HeisenData: Towards a Next-Generation Uncertain-Data Management System

Contract Information

Programme:	SEVENTH FRAMEWORK PROGRAMME
Programme Acronym:	FP7-PEOPLE
Contract Type:	MARIE CURIE ACTIONS-INTERNATIONAL RE-INTEGRATION GRANTS
Start Date:	2010-03-01
End Date:	2014-02-28
Contract No:	249217
Role for SoftNet:	prime
Funding for SoftNet:	100.000 Euros
Principal Investigator for SoftNet:	Minos Garofalakis

Project Information

Official Web Site: http://heisendata.softnet.tuc.gr/

Several real-world applications need to manage and reason about large amounts of data that are inherently uncertain. For instance, pervasive computing applications must constantly reason about volumes of noisy sensory readings, e.g., for motion prediction and human behavior modeling; information-extraction tools can assign different possible labels with varying degrees of confidence to segments of text, due to the uncertainties and noise present in free-text data. Such probabilistic data analyses require sophisticated machine-learning tools that can effectively model the complex correlation patterns present in real-life data.
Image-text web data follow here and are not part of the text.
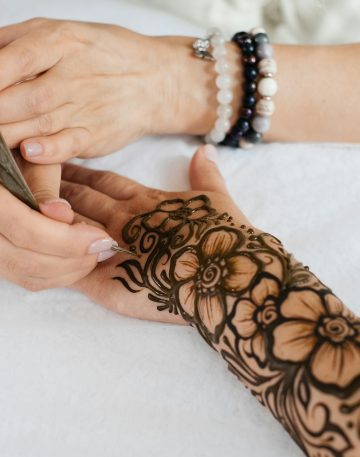 Henna tattoo on woman hands, artist drawing Arabic mehndi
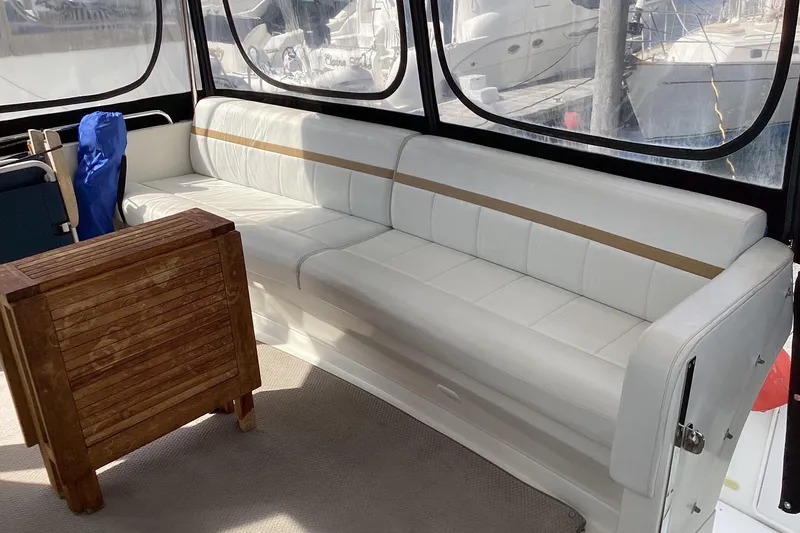 Slide: The Image of 2005 Carver 41 Cockpit Motor Yacht interior with white seating and wooden table. - 23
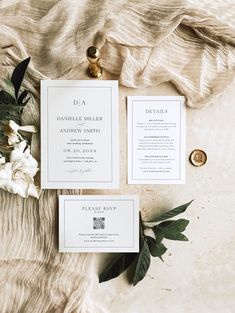 the wedding stationery is laid out on top of an unmade bed with flowers and greenery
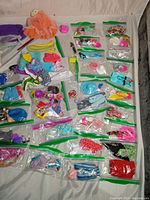 Overview of the 30 sets of vintage Barbie and Ken clothes and accessories in clear baggies, including a variety of tops, skirts, and dresses.
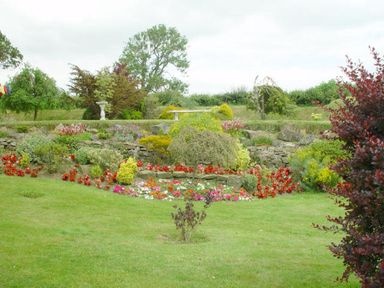 A garden with a flower bed and shrubs in front of a stone wall at Yellowland Farm in Holsworthy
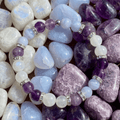 Bracelet Bien-être Ménopause LORRAHA posé sur des pierres roulées violettes, bleu pâle et blanches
Unfortunately, to date, approaches to Probabilistic Database Systems (PDBSs) have relied on somewhat simplistic models of uncertainty that can be easily mapped onto existing relational architectures: Probabilities are typically associated with individual data tuples, with little or no support for capturing data correlations. This research proposal aims to design and build a novel, extensible PDBS that supports a broad class of statistical models and probabilistic-reasoning tools as first-class system objects, alongside a traditional relational-table store. Our proposed architecture will employ statistical models to effectively encode data-correlation patterns, and promote probabilistic inference as part of the standard database operator repertoire to support efficient and sound query processing. This tight coupling of relational databases and statistical models represents a major departure from conventional database systems, and many of the core system components need to be revisited and fundamentally re-thought.

The proposed research will attack several of the key challenges arising in this novel PDBS paradigm (including, query processing, query optimization, data summarization, extensibility, and model learning and evolution), build usable prototypes, and investigate key application domains (e.g., information extraction).